Closed drinkingkazu closed 6 years ago
Implemented https://github.com/DeepLearnPhysics/larcv2/commit/0fc81cbe5954c9ab19e14e0496a3c1acb0483caf. @twongjirad agreed w/ a change on skype :turkey:
To be clear, false is equivalent to 0 (no randomization), and true = 1 (complete randomization).
What I recommend to use is 2, which won't make complete random set of events, but it a) changes event sets and b) IO faster than complete random approach.
Based on skype discussion with @drinkingkazu, I think this is a good idea.
Thanks @coreyjadams 🍶
:+1: on emoji use
ThreadProcessor inherits (English inherits, not C++) "RandomAccess" parameter from ProcessDriver which randomize the access order of events in the input file. This is done in a very simple way: use std::shuffle for the vector of all event entry numbers.
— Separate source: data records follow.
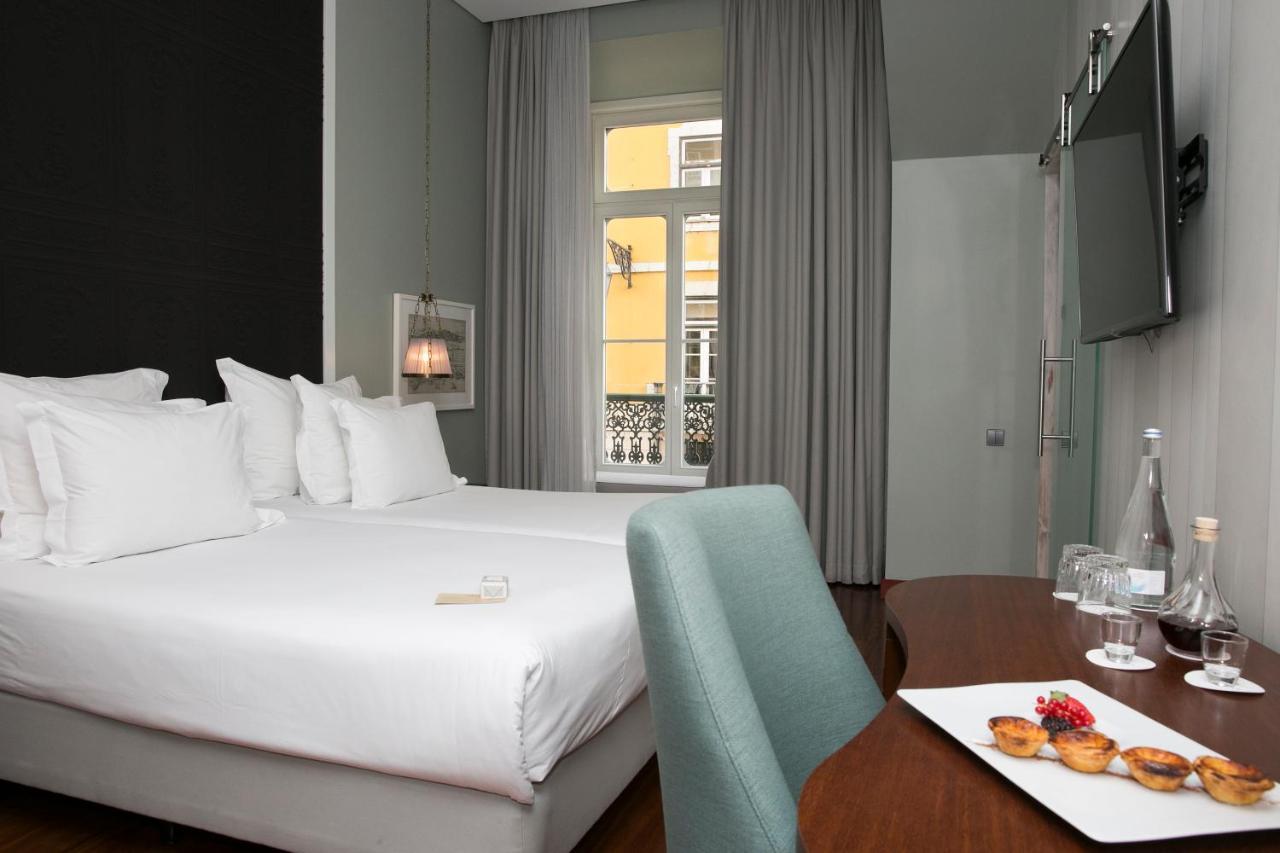 بوسادا دي لشبونة - الفنادق الصغيرة الفاخرة في العالم Lisboa المظهر الخارجي الصورة A room at the hotel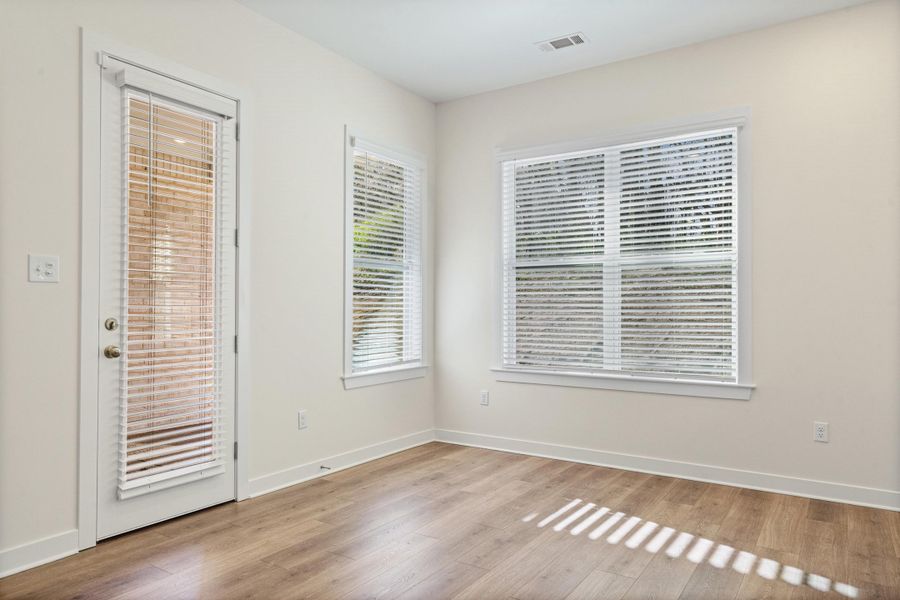 Unfurnished room with baseboards and light wood-style flooring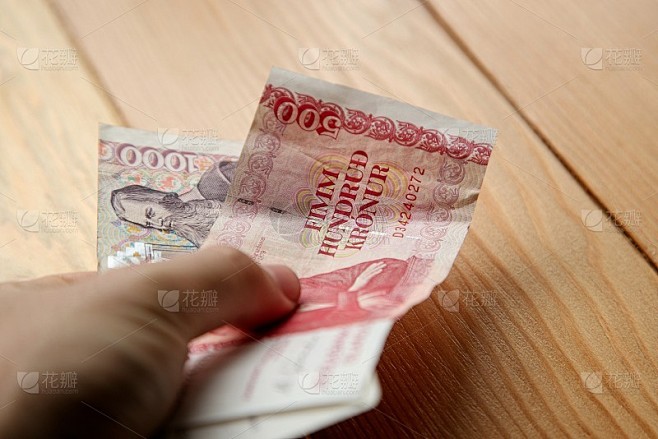 手持冰岛克朗银行券(现金)。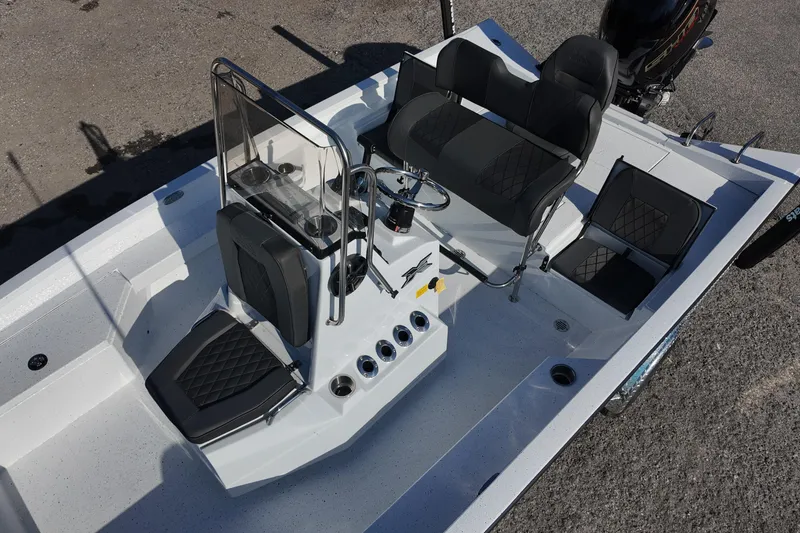 Slide: The Image of 2026 Xpress H20B Bay boat interior with seating and steering console. - 10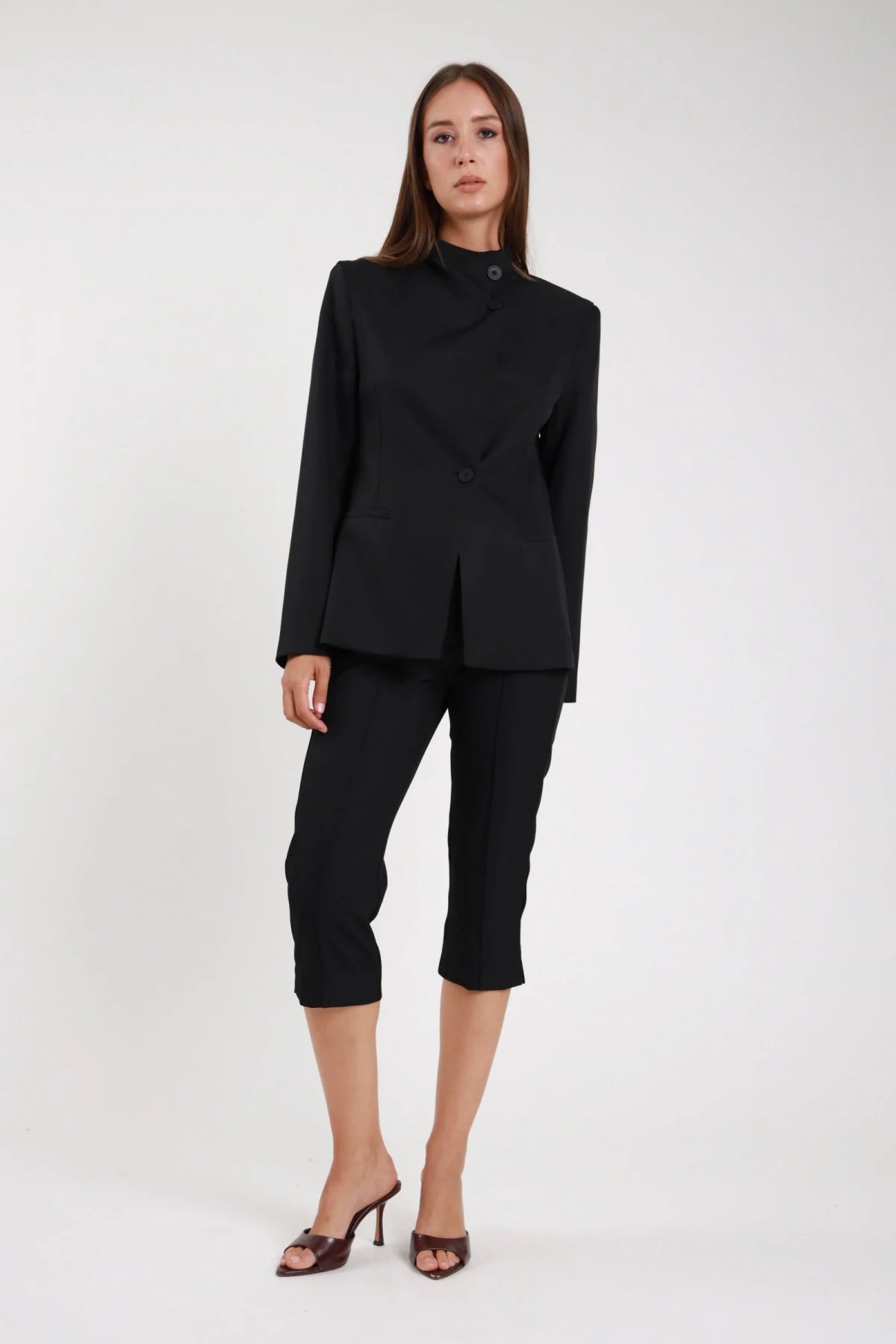 Pantaloni capri pinocchietto nero tessuto stretch vita alta fascia strutturata - modella frontale intera mano sul petto sguardo frontale sandali neri tacco capelli castani lisci
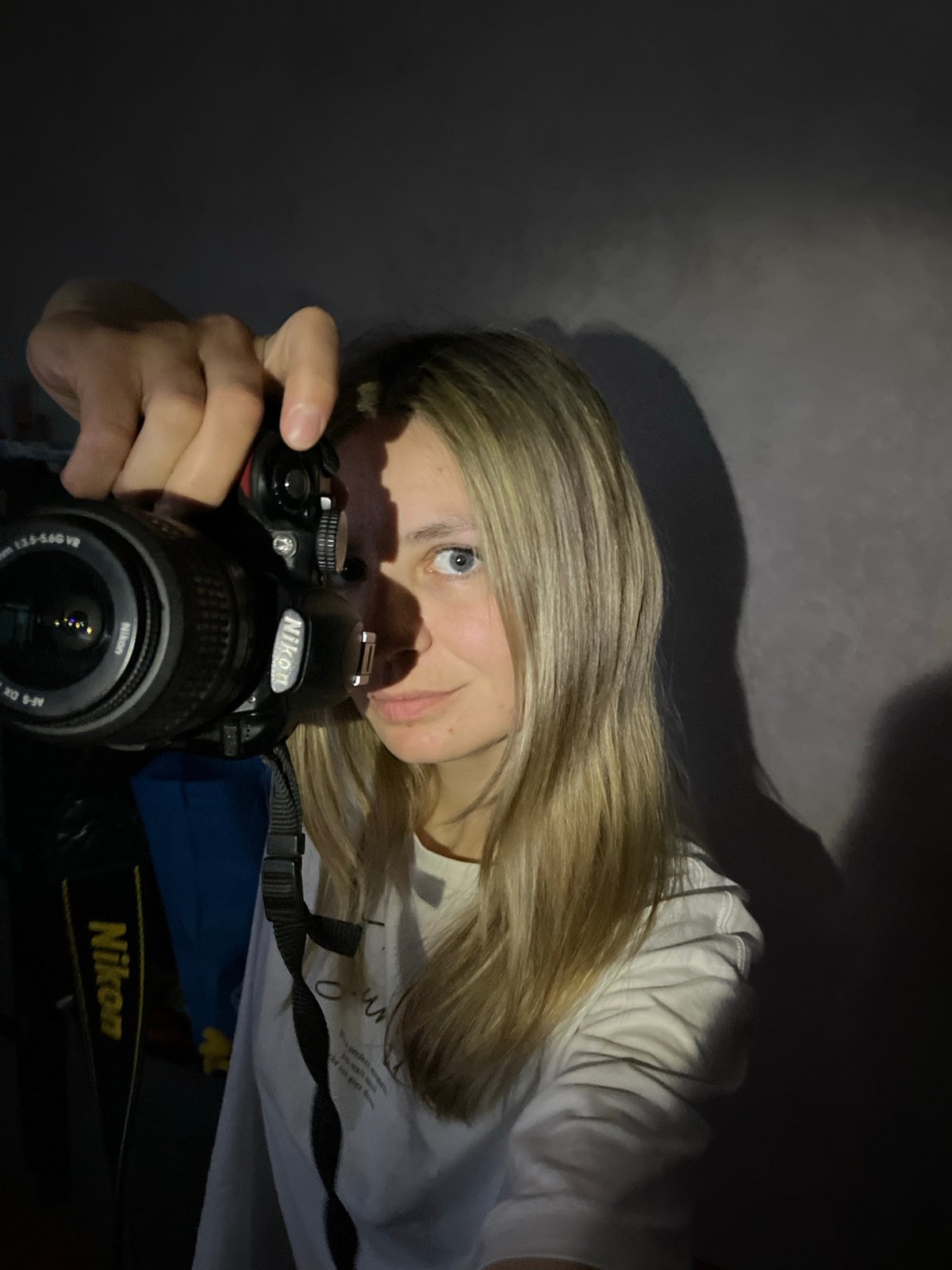 Photographer and cat documented in separate Chaikovsky scenes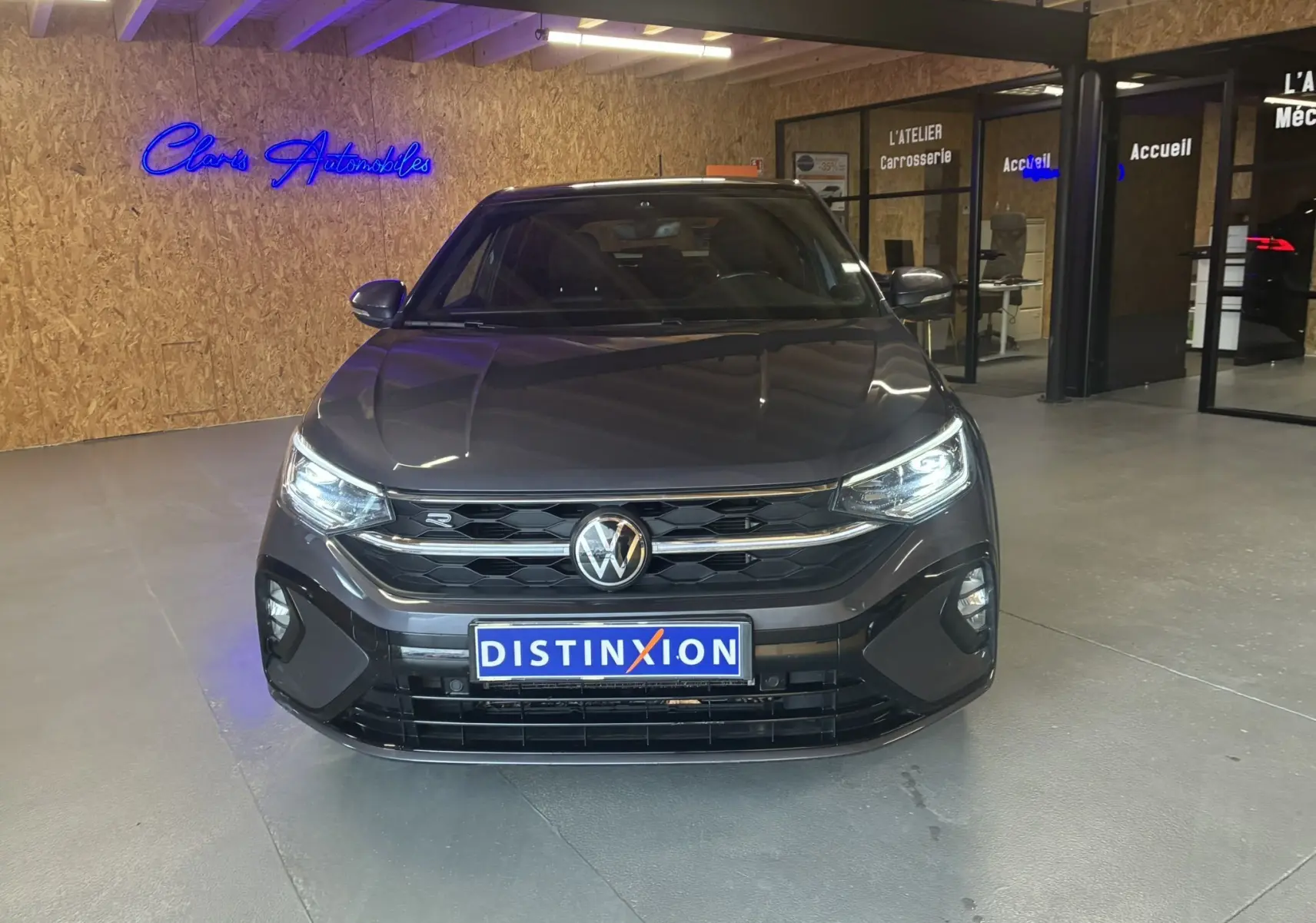 Vue de face d'un Volkswagen Taigo gris 2023 en version R-Line, avec calandre noire et phares allumés dans un showroom.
Also, though it is not well known, RandomAccess is a boolean OR integers. When it is set to True, it uses unix microseconds (time) seed. If it is set to False or <=0 integers, it does not randomize. If it is set to positive integers, that is used as a random seed.
Issues
Using the same feature for ThreadProcessor concerns two issues.
ThreadProcessor is used for network training = process same events many times. Even though the order is randomized, the "randomized order" that is set @ process start is never randomized again. (i.e. not really "random").
Randomizing the access order slows down ROOT file IO compared to accessing in an order.
Proposal
Here's a proposal to mitigate above issues.
RandomAccess to take True/False or integers [0, 1, 2] (internally it will be enum). 0 = no randomization. 1 = read a random set of entries determined by drawing random numbers between 0 to (N-1) where N is number of total entries (random number generation per request of events = batch). 2 = generate one random number X per request, read event entries X to (X+M-1) where M is requested number of events (hence a set of events read-in is sequential).
Introduce RandomSeed parameter. 0 = time seed (default), and positive integers are used as a seed value.
@twongjirad and @coreyjadams (and anyone who cares!) please explicitly comment. I will implement this today if no opposition.